What this task involves ▸
Write only the number of lines below in which "fasizma" occurs.

Provided data ▸
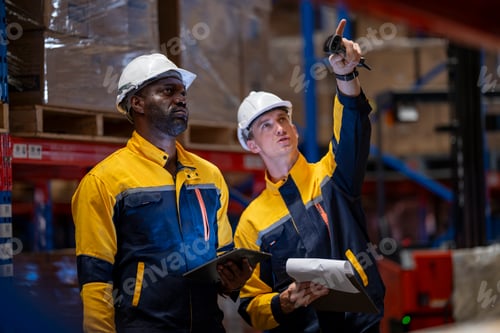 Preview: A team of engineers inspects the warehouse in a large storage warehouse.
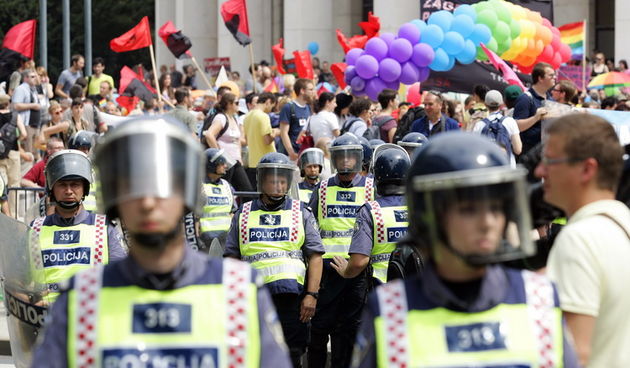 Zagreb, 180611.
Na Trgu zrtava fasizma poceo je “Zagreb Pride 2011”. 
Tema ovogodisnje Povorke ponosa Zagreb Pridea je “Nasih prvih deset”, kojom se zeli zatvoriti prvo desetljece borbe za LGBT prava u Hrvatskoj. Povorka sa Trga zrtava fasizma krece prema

Expected answer ▸
2